The yolo mode is going to report every event as successfully delivered if uploading it to gcs worked or not. This mode is intended for "fire-and-forget" use-cases, where it is not important if a single event in the middle of an upload failed or is missing. The upload will continue nonetheless and only be finished when a new event with another bucket or name is received.

This mode is well-suited for e.g. aggregating time-series events into gcs object by time unit (e.g. hour or day) where it is not too important that the resulting gcs object is 1:1 mirroring of all the events in the correct order without gaps.

consistent

consistent mode, on the other hand, is well suited when uploading consistent and correct gcs objects is important. In this mode, the gcs_streamer will fail a complete upload whenever only 1 single event could not be successfully uploaded to gcs. This guarantees that only complete and consistent gcs objects will show up in your buckets. But due to this logic, it is possible to lose events and whole uploads if the upstream connectors don't replay failed events. The wal connector and the kafka_consumer can replay events, so it makes sense to pair the gcs_streamer in consistent mode with those.

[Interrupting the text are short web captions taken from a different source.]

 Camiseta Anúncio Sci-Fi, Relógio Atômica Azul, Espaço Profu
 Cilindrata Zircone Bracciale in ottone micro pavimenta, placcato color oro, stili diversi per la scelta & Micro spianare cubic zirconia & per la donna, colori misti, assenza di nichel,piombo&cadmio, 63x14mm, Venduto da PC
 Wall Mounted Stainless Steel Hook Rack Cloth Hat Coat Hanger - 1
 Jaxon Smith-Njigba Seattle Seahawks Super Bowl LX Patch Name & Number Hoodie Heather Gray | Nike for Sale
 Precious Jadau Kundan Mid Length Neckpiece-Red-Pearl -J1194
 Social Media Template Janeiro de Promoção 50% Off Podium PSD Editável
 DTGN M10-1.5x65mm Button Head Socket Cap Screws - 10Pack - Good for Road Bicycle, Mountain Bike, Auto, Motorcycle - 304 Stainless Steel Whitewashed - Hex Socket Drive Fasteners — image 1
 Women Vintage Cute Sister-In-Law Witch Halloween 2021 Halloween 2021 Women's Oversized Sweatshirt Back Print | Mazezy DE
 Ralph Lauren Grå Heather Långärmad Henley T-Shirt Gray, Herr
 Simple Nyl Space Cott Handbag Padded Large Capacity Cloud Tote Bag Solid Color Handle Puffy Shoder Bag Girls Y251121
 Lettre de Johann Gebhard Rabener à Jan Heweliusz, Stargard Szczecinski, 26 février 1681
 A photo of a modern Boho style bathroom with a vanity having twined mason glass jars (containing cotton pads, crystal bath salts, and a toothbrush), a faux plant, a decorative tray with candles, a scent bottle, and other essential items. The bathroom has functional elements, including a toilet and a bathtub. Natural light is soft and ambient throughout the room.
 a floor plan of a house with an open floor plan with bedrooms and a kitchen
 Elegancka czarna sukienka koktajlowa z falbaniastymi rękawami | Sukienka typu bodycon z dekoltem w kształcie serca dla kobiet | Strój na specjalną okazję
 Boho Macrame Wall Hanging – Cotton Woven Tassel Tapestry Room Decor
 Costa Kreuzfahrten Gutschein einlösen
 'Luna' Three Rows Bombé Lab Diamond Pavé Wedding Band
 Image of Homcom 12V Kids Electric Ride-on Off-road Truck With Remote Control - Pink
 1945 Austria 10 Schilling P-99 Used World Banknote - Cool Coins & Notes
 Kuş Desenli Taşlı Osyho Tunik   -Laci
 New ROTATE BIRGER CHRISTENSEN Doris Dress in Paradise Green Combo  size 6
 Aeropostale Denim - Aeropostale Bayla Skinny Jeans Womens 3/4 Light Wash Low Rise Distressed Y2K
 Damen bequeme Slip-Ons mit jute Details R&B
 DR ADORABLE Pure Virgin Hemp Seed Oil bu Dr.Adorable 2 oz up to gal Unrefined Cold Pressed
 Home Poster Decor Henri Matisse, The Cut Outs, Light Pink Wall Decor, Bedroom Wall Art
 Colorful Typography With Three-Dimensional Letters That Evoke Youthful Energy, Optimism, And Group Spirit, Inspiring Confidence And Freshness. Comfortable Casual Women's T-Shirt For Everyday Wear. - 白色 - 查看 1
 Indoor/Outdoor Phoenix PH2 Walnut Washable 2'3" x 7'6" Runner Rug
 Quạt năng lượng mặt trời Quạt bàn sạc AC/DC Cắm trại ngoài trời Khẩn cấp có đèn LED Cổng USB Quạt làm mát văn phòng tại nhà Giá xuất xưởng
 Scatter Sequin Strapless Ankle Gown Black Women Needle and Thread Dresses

This mode guarantees that only complete gcs objects with all events in the right order are uploaded to gcs, object where uploading failed for some reason will be deleted, expecting the upstream to retry the upload. It is well-suited for uploading complete files, like images or documents.

Metadata

Two metadata fields are required for the connector to work - $gcs_streamer.name (will be used as the object name) and $gcs_streamer.bucket (the name of the bucket where the object will be placed).

Configuration

All of the configuration options are optional.

namedescriptiondefault
urlThe HTTP(s) endpoint to which the requests will be madehttps://storage.googleapis.com/upload/storage/v1
bucketThe optional bucket to stream events into if not overwritten by event metadata $gcs_streamer.bucket
modeThe mode of operation for this connector. See Modes of operation.
connect_timeoutThe timeout for the connection (in nanoseconds)10 000 000 000 (10 seconds)
buffer_sizeThe size of a single request body, in bytes (must be divisible by 256kiB, as required by Google)8388608 (8MiB, the minimum recommended by Google)
max_retriesThe number of retries to perform for a failed request to GCS.3
backoff_base_timeBase waiting time in nanoseconds for exponential backoff when doing retries of failed requests to GCS.25 000 000 (25 ms)

Example

config.troy
define flow main
flow
use std::{size, time::nanos};

define connector metronome from metronome
with
config = {"interval": nanos::from_millis(10)}
end;

define connector output from gcs_streamer
with
config = {
"mode": "consistent",
"buffer_size": size::kiB(64),
"backoff_base_time": nanos::from_millis(200)
},
codec = "json"
end;

define pipeline main
pipeline
define script add_meta
script
use std::string;

let file_id = event.id - (event.id % 4);

let $gcs_streamer = {
"name": "my_file_#{"#{file_id}"}.txt",
"bucket": "tremor-test-bucket"
};

emit {"a": "B"}
end;

create script add_meta from add_meta;

select event from in into add_meta;
select event from add_meta into out;
select event from add_meta/err into err;
end;

define connector console from stdio
with
codec = "json"
end;

create connector s1 from metronome;
create connector s2 from output;
create connector errors from console;

create pipeline main;

connect /connector/s1 to /pipeline/main;
connect /pipeline/main to /connector/s2;
connect /pipeline/main/err to /connector/errors;
end;

deploy flow main;